Toen kort daarop de Eerste Wereldoorlog uitbrak, kocht het Ministerie van Oorlog het terrein en liet het ombouwen tot Remonte Depot voor de vesting artillerie. Het leger ging er paarden trainen om veldgeschut te trekken.
Om zoveel mogelijk paarden te kunnen onderbrengen metselden soldaten de tribune dicht en maakten er stallen van. De al aanwezige stalruimte was voor dit doel ontoereikend. (afb. 6)
7. De starttoren. Ook een ontwerp van C.J. Kruisweg |
In 1920 hief het Ministerie het Depot op en gaf het jaar daarop de grond in eeuwigdurende erfpacht uit aan de heer J.F. Spliethoff. Deze had echter niet alles nodig en verhuurde de laaggelegen weilanden tegen erfpachtprijs aan boeren. Zelf ging hij in het jockeyverblijf wonen, dat tot woonhuis werd omgebouwd. Ook de grote tribune was meer tot last dan gemak en de bovenbouw verkocht hij. Op het terrein van Van Oeveren bij de Nieuwstraat ging deze een nieuw leven leiden als opslagloods. In 1999 zijn de schamele resten hiervan gesloopt om de Burgemeester Banisstraat te kunnen aanleggen. De betonnen voet van de tribune en de gietijzeren starttoren bleven op Cruysbergen staan. Het torentje diende nog jaren lang als exclusief theekoepeltje. (afb. 7)
Kort na het begin van de Tweede Wereldoorlog vorderde de bezetter de stallen van de renbaan om daar hun paarden in te stallen. Dat was maar van korte duur, want al na acht maanden vertrokken zij weer met bestemming Noord-Afrika. Spliethoff, beducht voor een nieuwe inkwartiering waarbij misschien ook zijn huis gevorderd zou worden, verkocht de stallen aan Wiegmans, die er graag wilde wonen.

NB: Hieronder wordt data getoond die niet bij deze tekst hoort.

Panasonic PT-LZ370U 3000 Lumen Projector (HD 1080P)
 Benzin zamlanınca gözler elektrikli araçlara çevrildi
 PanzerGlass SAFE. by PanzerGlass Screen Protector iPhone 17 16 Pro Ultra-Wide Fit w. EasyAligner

Tot 1956 bleef het rustig. Toen kreeg Defensie behoefte aan het weiland, om er een opslagplaats aan te leggen. De eeuwigdurende erfpacht bleek van tijdelijke aard en de boeren moesten andere weidegrond zoeken. Het terrein werd bouwrijp gemaakt en er verrezen stenen loodsen, omgeven door een manshoog hek met waarschuwingsborden. Het gietijzeren starttorentje bleef staan, tot het in 1972 zodanig weggeroest was dat slopen onvermijdelijk was.
Het karakteristieke torentje op het woonhuis was al in 1935 weggebroken wegens lekkages. Jammer, want het huis heeft daarmee veel van haar allure verloren. Omdat het terrein particulier gebied is, is ook van deze renbaan weinig tot niets meer voor het publiek terug te vinden.